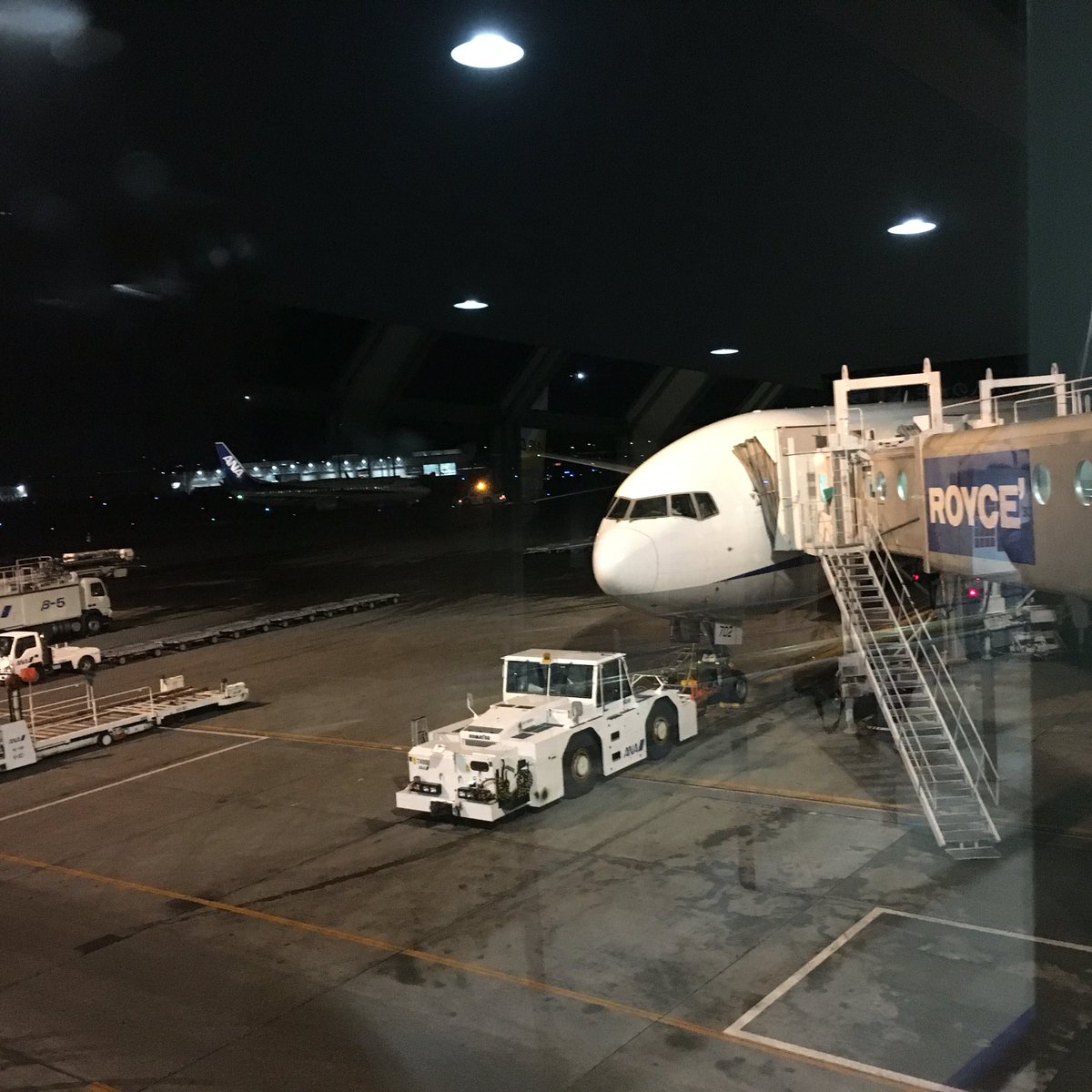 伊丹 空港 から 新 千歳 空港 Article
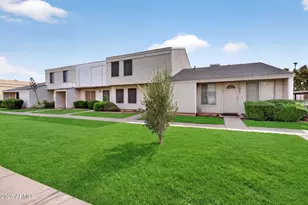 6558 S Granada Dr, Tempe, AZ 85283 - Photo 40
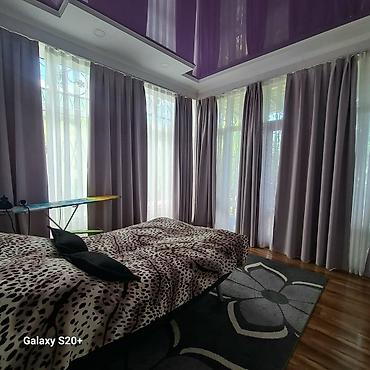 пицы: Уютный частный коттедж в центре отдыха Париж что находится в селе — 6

> **Exercise instructions**
Please set down, word for word, the lines starting at the line that holds "6558 S Granada" and running to the end of the listing, with no pictures.

> **Exercise solution**
 6558 S Granada Dr, Tempe, AZ 85283 - Photo 40
 пицы: Уютный частный коттедж в центре отдыха Париж что находится в селе — 6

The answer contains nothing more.